Upgrading Anthos Service Mesh on GKE

This guide explains how to upgrade Anthos Service Mesh from version 1.4.5+ to version 1.4.10 on Google Kubernetes Engine. If you want to upgrade to Anthos Service Mesh 1.5, see the 1.5 version of Upgrading Anthos Service Mesh on GKE.

Redeploying the Anthos Service Mesh control plane components takes about 5 to 10 minutes to complete. Additionally, you need to inject new sidecar proxies in all of your workloads so they are updated with the current Anthos Service Mesh version. The time it takes to update the sidecar proxies depends on many factors, such as the number of pods, the number of nodes, deployment scaling settings, pod disruption budgets, and other configuration settings. A rough estimate of the time that it takes to update the sidecar proxies is 100 pods per minute.

Preparing for the upgrade

This section outlines the steps that you take to upgrade Anthos Service Mesh.
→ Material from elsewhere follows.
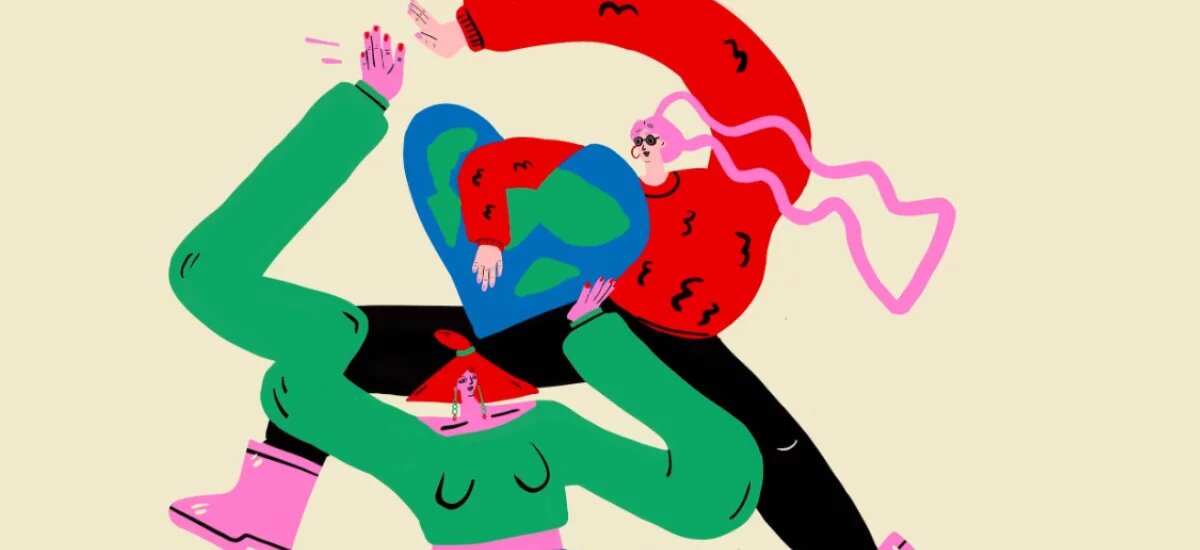 From climate action to feminist justice Graphic of two women and the phrase "life is fun extinction is boring"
  1. Review the Supported features and this upgrade guide to become familiar with the features and the upgrade process.

  2. Review your authorization policies to see if they need to be updated.

  3. If you enabled optional features when you installed the previous version of Anthos Service Mesh by adding --set values flags to the istioctl apply command line, you need to use the same flags when you run istioctl apply to upgrade to 1.4.10.

  4. If you enabled optional features when you installed the previous version of Anthos Service Mesh by adding the -f flag to the istioctl apply command line to specify a YAML file, you must specify the same file (or a file with the same content) when you run istioctl apply to upgrade to 1.4.10.

  5. Schedule a downtime. Upgrading can take up to 1 hour, depending on the scale of the cluster. Note that this doesn't include the time that you need to redeploy workloads to update sidecar proxies.

Setting project and cluster defaults

  1. Get the project ID of the project that the cluster was created in:

    gcloud

    gcloud projects list

    Console

    1. In the Google Cloud console, go to the Dashboard page:

      Go to the Dashboard page

    2. Click the Select from drop-down list at the top of the page. In the Select from window that appears, select your project. The project ID is displayed on the project Dashboard Project info card.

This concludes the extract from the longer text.